Actual of isc2 cissp practice exam materials and braindumps for ISC2 certification for candidates, Real Success Guaranteed with Updated cissp sybex pdf dumps vce Materials. 100% PASS Certified Information Systems Security Professional (CISSP) exam Today!
Q136. Which of the following is the MOST effective attack against cryptographic hardware modules?
A. Plaintext.
B. Brute force
C. Power analysis
D. Man-in-the-middle (MITM)
Answer: C
Q137. An engineer in a software company has created a virus creation tool. The tool can generate thousands of polymorphic viruses. The engineer is planning to use the tool in a controlled environment to test the company's next generation virus scanning software. Which would BEST describe the behavior of the engineer and why?
A. The behavior is ethical because the tool will be used to create a better virus scanner.
B. The behavior is ethical because any experienced programmer could create such a tool.
C. The behavior is not ethical because creating any kind of virus is bad.

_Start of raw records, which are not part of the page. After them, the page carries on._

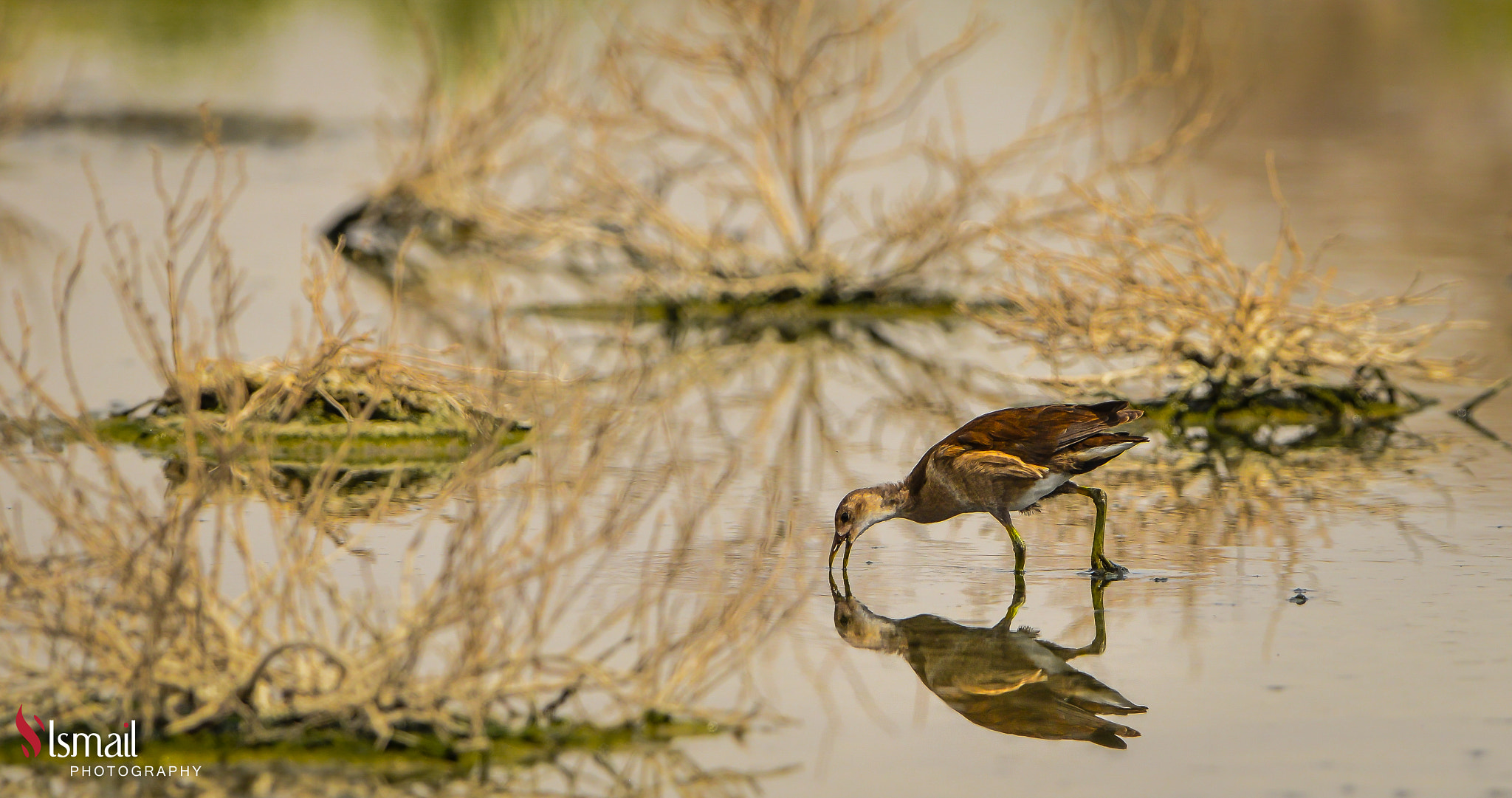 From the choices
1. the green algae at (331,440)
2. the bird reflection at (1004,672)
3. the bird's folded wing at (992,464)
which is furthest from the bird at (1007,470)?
the green algae at (331,440)

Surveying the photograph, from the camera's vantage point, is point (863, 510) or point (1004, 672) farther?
point (863, 510)

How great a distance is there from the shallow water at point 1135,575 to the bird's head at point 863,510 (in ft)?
0.72

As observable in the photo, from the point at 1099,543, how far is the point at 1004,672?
1393mm

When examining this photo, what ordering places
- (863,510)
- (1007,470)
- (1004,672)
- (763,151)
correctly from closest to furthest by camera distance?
1. (1004,672)
2. (1007,470)
3. (863,510)
4. (763,151)

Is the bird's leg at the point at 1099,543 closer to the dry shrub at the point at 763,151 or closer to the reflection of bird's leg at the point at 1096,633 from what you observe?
the reflection of bird's leg at the point at 1096,633

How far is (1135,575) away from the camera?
8492 mm

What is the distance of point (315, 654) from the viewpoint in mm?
6375

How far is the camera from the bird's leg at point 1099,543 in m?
8.37

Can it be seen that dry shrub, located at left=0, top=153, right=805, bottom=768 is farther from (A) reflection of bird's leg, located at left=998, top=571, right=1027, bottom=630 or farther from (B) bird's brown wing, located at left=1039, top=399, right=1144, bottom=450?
(B) bird's brown wing, located at left=1039, top=399, right=1144, bottom=450

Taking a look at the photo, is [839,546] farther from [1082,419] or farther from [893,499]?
[1082,419]

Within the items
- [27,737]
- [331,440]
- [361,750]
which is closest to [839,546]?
[361,750]

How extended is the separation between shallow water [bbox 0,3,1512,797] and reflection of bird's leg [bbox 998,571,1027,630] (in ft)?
0.12

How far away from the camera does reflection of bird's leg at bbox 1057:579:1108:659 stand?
291 inches

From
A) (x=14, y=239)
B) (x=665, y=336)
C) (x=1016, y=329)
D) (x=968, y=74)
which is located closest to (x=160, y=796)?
(x=1016, y=329)
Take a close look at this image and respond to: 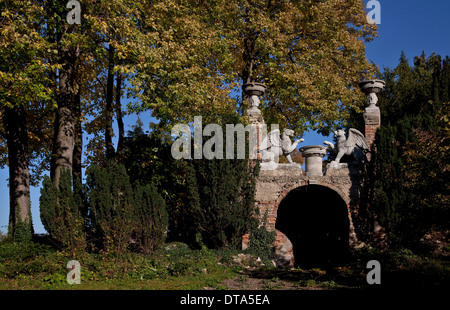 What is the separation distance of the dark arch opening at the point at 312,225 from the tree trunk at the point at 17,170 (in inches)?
353

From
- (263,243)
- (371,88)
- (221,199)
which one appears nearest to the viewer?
(221,199)

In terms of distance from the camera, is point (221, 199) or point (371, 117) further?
Result: point (371, 117)

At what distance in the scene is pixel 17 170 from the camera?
Answer: 14859 mm

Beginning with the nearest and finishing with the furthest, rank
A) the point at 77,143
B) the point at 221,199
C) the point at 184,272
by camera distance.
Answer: the point at 184,272, the point at 221,199, the point at 77,143

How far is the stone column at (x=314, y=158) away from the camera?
50.9ft

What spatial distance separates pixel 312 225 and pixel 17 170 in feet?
35.6

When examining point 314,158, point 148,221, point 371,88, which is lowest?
point 148,221

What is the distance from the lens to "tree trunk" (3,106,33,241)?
14.6 m

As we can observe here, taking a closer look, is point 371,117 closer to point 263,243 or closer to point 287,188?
point 287,188

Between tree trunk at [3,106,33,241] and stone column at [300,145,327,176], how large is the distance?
30.9 feet

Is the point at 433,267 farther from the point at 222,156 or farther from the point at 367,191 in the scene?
the point at 222,156

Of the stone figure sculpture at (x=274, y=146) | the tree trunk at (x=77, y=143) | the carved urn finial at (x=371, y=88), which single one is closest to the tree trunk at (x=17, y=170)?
the tree trunk at (x=77, y=143)

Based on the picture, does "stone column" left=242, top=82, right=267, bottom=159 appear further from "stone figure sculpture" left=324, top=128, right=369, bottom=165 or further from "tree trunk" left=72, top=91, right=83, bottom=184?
"tree trunk" left=72, top=91, right=83, bottom=184

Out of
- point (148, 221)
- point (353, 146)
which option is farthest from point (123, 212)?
point (353, 146) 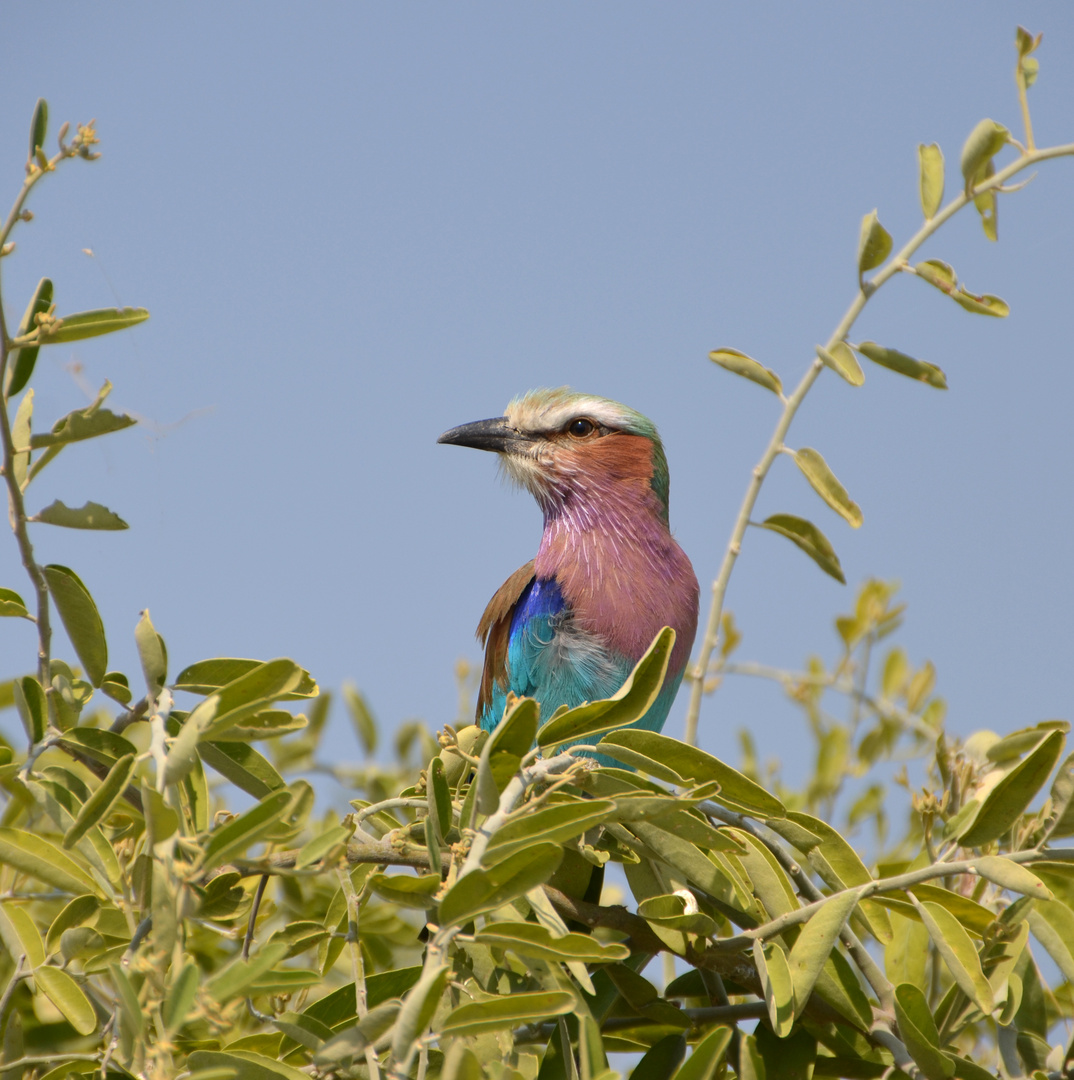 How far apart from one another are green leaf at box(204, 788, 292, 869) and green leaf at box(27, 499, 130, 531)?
0.80 metres

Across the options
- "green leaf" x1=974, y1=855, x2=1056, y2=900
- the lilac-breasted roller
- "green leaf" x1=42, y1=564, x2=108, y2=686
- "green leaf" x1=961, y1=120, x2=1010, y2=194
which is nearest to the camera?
"green leaf" x1=974, y1=855, x2=1056, y2=900

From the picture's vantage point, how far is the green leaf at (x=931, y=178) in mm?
2699

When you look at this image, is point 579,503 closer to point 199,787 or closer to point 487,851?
point 199,787

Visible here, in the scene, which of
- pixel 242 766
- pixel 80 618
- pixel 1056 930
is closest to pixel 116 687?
pixel 80 618

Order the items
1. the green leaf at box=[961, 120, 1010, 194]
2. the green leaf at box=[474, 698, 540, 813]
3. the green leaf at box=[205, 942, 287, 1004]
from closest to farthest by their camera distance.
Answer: the green leaf at box=[205, 942, 287, 1004], the green leaf at box=[474, 698, 540, 813], the green leaf at box=[961, 120, 1010, 194]

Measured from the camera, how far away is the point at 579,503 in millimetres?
4312

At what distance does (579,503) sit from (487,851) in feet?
10.3

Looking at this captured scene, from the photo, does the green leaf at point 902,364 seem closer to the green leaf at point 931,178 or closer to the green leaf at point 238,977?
the green leaf at point 931,178

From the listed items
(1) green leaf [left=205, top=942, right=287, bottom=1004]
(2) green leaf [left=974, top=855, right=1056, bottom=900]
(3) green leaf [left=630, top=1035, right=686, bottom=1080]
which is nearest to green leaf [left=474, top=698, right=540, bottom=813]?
(1) green leaf [left=205, top=942, right=287, bottom=1004]

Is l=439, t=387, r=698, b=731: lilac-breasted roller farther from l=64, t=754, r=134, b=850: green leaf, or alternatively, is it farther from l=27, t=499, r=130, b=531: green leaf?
l=64, t=754, r=134, b=850: green leaf

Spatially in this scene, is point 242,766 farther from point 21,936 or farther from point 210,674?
point 21,936

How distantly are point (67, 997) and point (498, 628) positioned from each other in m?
2.51

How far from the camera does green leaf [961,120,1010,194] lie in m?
2.57

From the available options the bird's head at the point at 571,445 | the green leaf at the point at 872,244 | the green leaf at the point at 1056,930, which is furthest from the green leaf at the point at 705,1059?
the bird's head at the point at 571,445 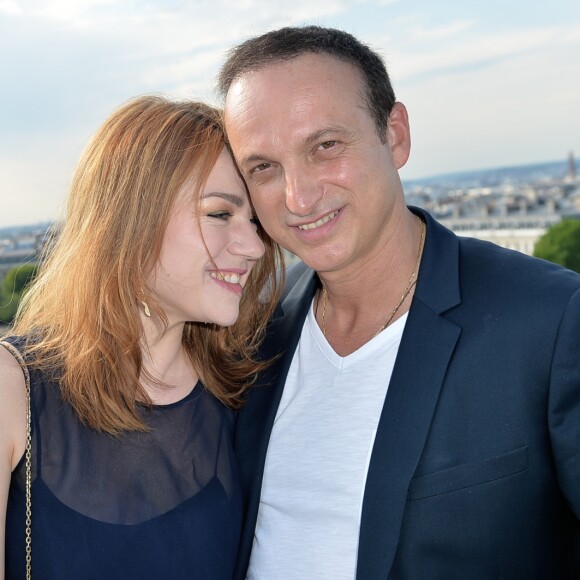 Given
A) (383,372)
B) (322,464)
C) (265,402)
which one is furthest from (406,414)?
(265,402)

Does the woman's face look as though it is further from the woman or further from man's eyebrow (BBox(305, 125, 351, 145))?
man's eyebrow (BBox(305, 125, 351, 145))

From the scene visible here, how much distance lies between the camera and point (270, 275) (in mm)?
2994

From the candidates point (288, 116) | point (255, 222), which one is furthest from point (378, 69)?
point (255, 222)

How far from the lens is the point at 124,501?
2.36 meters

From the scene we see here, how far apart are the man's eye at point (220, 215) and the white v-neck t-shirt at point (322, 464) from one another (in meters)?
0.45

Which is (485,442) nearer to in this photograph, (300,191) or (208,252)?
(300,191)

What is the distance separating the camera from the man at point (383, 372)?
2.15 metres

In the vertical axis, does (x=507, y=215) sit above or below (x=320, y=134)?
above

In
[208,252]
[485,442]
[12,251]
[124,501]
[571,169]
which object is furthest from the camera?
[571,169]

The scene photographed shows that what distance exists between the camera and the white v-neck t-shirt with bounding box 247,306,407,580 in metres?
2.29

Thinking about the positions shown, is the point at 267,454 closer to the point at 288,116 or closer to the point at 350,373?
the point at 350,373

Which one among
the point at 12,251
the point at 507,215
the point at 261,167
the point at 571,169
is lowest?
the point at 261,167

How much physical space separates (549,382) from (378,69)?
96 centimetres

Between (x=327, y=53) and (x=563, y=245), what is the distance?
45198 millimetres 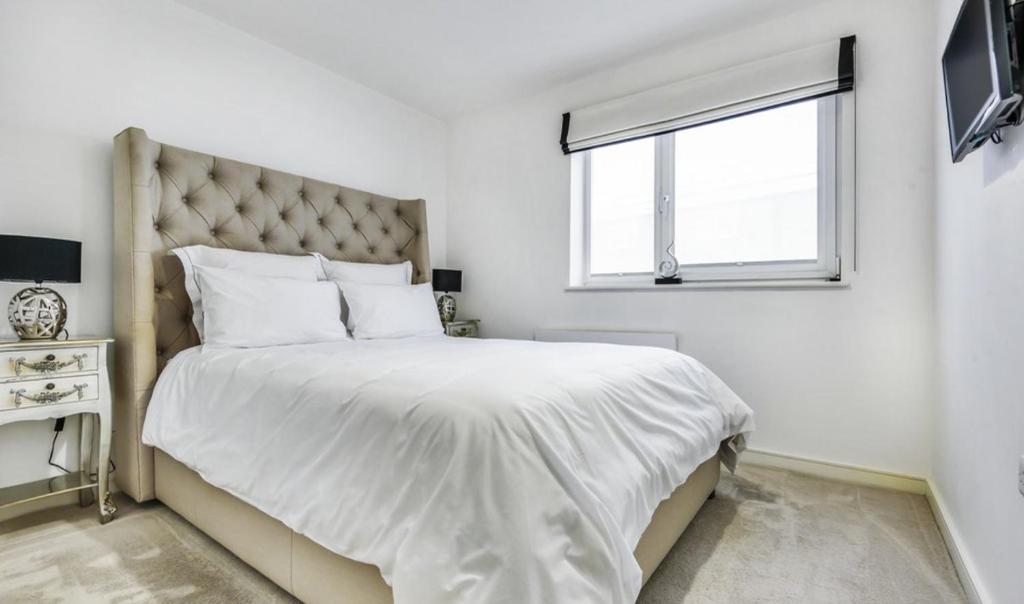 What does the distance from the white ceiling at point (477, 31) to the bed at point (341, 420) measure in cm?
75

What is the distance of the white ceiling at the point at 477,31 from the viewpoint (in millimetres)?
2232

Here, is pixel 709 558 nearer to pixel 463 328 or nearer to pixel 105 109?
pixel 463 328

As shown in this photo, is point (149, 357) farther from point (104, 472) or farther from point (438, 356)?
point (438, 356)

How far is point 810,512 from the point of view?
5.88 ft

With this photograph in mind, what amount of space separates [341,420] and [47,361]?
1.29 m

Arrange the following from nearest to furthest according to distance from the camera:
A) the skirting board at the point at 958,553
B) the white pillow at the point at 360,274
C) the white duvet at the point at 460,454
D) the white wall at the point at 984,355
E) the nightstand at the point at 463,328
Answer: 1. the white duvet at the point at 460,454
2. the white wall at the point at 984,355
3. the skirting board at the point at 958,553
4. the white pillow at the point at 360,274
5. the nightstand at the point at 463,328

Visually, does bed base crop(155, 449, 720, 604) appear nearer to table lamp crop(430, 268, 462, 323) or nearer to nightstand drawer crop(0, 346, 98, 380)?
nightstand drawer crop(0, 346, 98, 380)

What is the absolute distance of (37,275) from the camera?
5.18 feet

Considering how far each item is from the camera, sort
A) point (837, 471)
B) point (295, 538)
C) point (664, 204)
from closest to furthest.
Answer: point (295, 538) → point (837, 471) → point (664, 204)

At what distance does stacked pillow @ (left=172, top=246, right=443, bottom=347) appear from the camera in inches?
74.2

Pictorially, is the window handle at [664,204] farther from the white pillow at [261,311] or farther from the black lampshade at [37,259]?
the black lampshade at [37,259]

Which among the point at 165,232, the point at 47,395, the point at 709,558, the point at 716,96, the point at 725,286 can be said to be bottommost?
the point at 709,558

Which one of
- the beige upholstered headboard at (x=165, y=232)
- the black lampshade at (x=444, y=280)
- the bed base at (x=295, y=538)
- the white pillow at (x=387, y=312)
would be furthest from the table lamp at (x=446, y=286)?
the bed base at (x=295, y=538)

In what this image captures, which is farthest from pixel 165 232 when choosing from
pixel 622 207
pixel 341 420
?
pixel 622 207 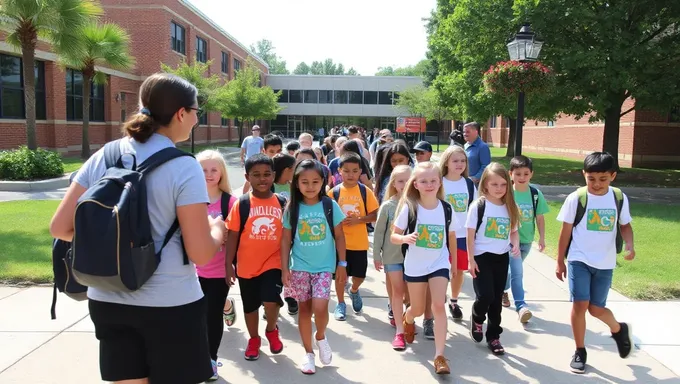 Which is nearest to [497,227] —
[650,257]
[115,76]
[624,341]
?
[624,341]

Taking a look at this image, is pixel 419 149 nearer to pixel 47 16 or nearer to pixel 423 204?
pixel 423 204

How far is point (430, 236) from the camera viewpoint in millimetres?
4043

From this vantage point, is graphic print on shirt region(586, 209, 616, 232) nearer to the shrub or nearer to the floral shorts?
the floral shorts

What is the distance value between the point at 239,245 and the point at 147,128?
1903mm

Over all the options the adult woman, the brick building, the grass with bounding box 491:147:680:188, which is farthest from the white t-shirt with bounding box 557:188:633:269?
the brick building

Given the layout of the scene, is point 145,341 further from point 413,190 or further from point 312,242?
point 413,190

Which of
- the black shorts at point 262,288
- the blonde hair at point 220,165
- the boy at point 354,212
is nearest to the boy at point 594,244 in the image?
the boy at point 354,212

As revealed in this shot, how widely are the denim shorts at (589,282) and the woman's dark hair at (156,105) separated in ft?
10.4

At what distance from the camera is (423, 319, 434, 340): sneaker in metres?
4.60

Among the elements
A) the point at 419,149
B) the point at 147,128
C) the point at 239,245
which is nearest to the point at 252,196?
the point at 239,245

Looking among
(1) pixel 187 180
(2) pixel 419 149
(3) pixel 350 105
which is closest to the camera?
(1) pixel 187 180

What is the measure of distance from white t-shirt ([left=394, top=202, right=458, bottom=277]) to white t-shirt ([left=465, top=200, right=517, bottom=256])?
0.42 metres

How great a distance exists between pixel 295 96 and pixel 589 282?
60419mm

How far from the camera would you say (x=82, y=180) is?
2170 mm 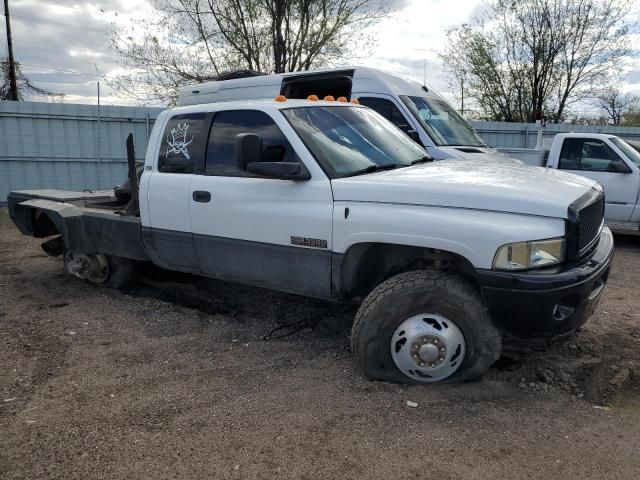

D. The behavior is not ethical because such.a tool could be leaked on the Internet.
Answer: A
Q138. A system is developed so that its business users can perform business functions but not user administration functions. Application administrators can perform administration functions but not user business functions. These capabilities are BEST described as
A. least privilege.
B. rule based access controls.
C. Mandatory Access Control (MAC).
D. separation of duties.
Answer: D
Q139. The PRIMARY purpose of a security awareness program is to
A. ensure that everyone understands the organization's policies and procedures.
B. communicate that access to information will be granted on a need-to-know basis.
C. warn all users that access to all systems will be monitored on a daily basis.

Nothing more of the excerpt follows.